━━━━━ STUDY MATERIAL
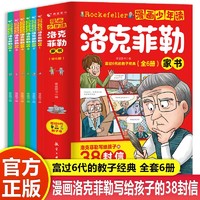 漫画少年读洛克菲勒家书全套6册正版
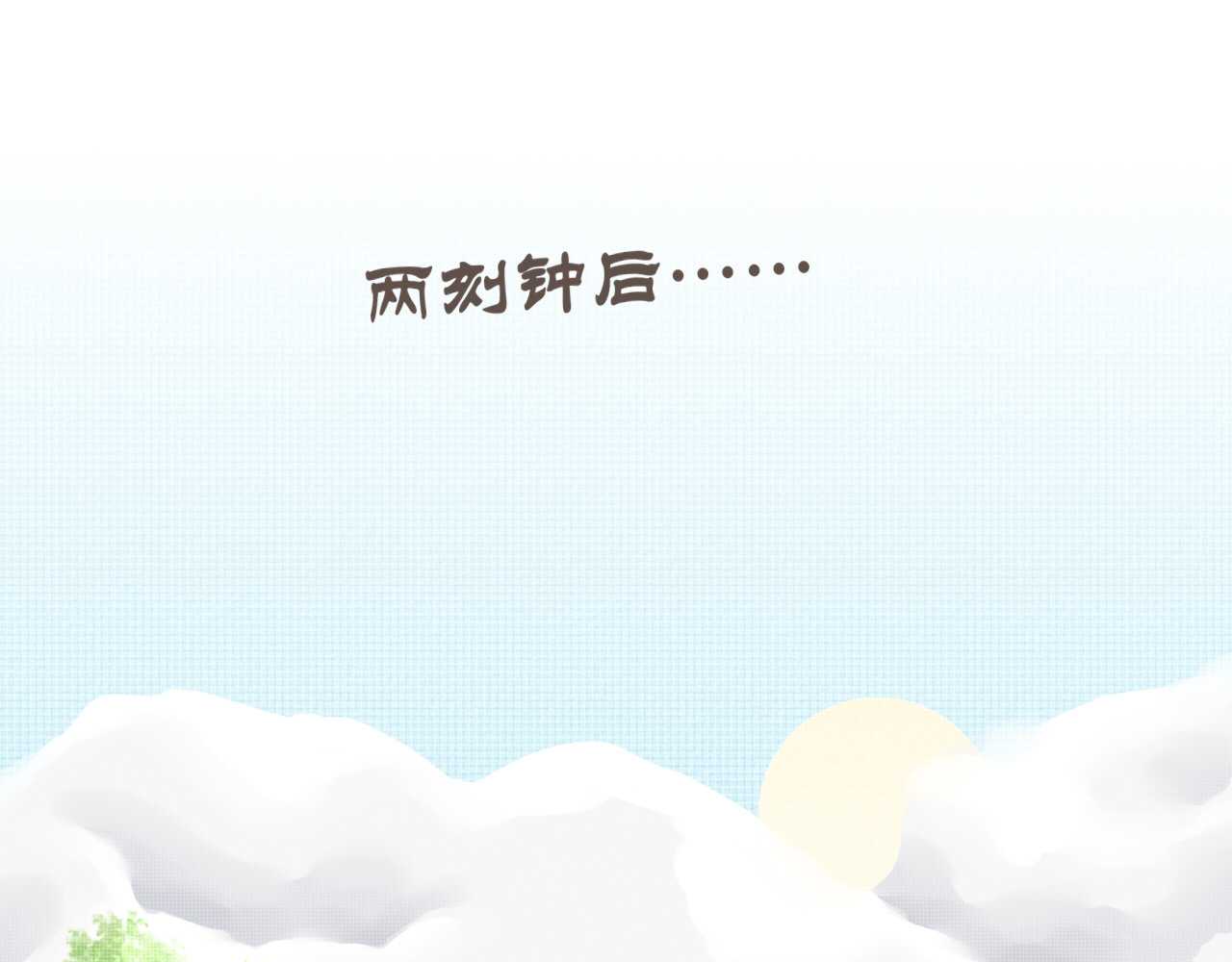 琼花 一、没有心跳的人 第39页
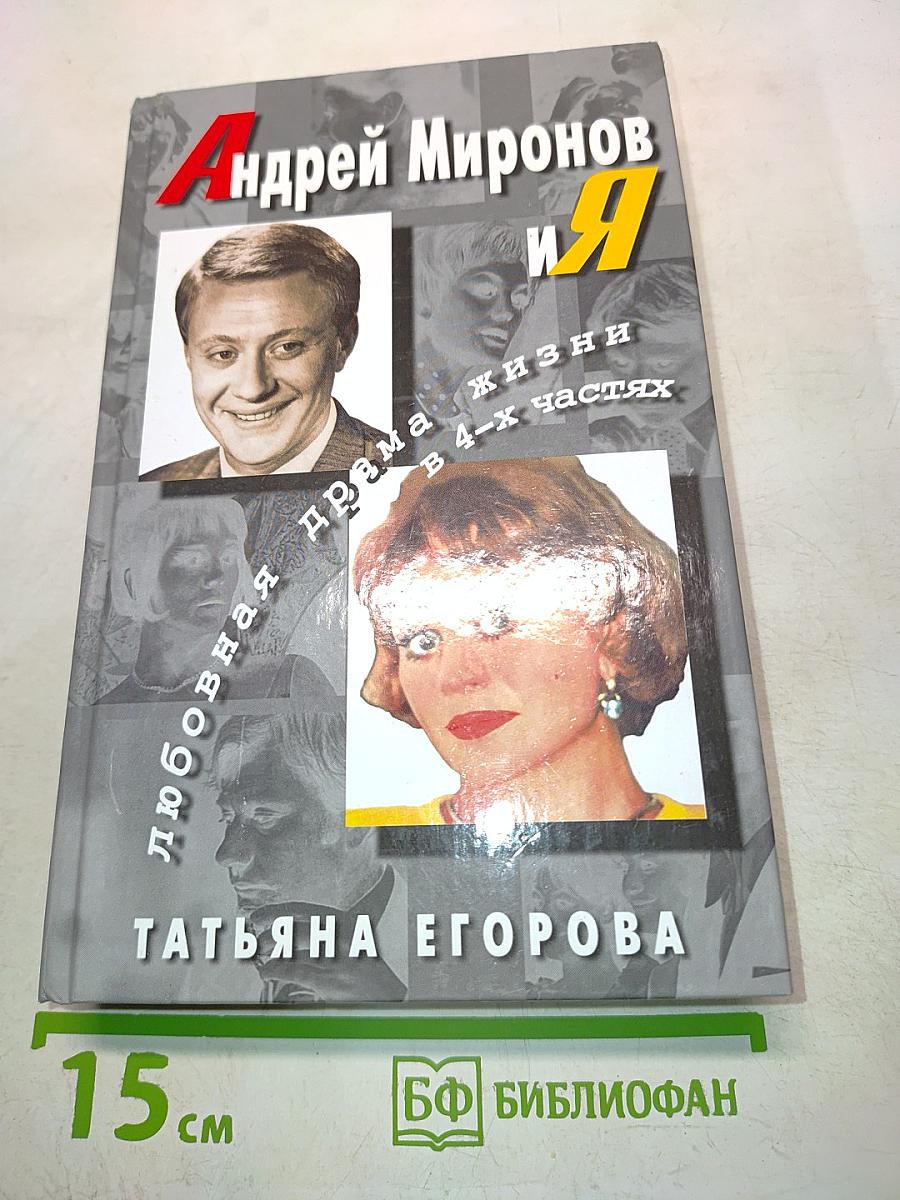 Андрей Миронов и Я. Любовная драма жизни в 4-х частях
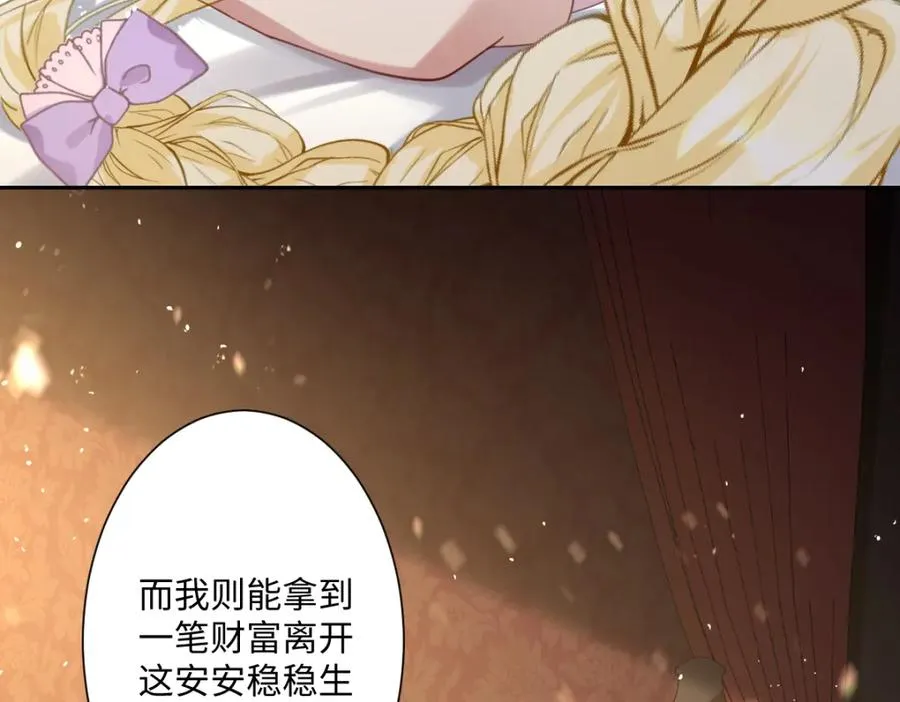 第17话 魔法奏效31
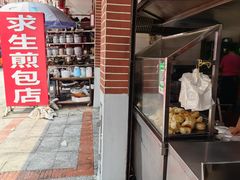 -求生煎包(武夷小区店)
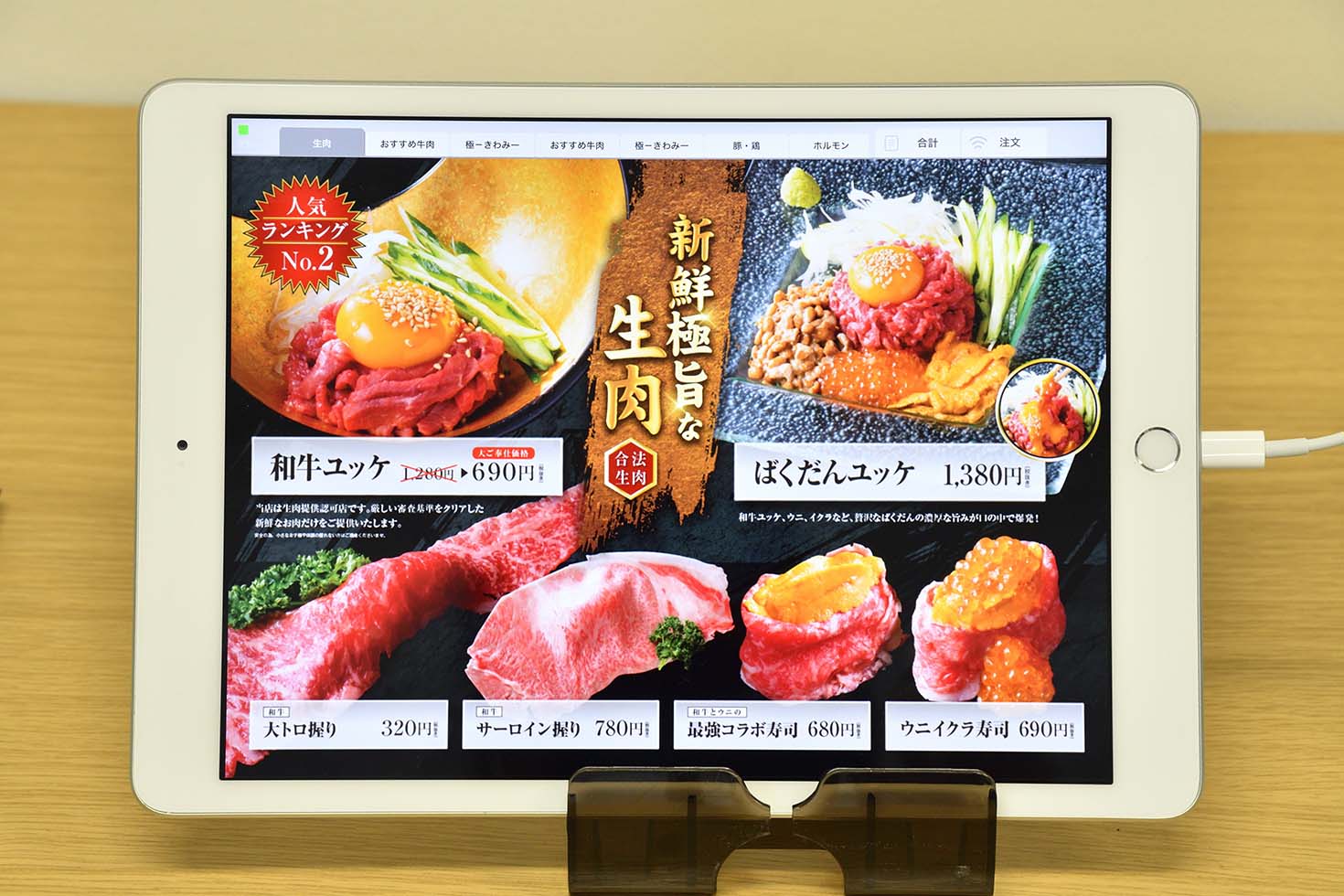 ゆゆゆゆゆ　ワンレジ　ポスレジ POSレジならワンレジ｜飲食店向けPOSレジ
━━━━━━━━━━
DIRECTIONS.
Nothing but the lines from the one that holds "琼花 一、没有心跳的人 第39页" through the end of the data should appear, written out exactly, without pictures.

RESPONSE BOX.
 琼花 一、没有心跳的人 第39页
 Андрей Миронов и Я. Любовная драма жизни в 4-х частях
 第17话 魔法奏效31
 -求生煎包(武夷小区店)
 ゆゆゆゆゆ　ワンレジ　ポスレジ POSレジならワンレジ｜飲食店向けPOSレジ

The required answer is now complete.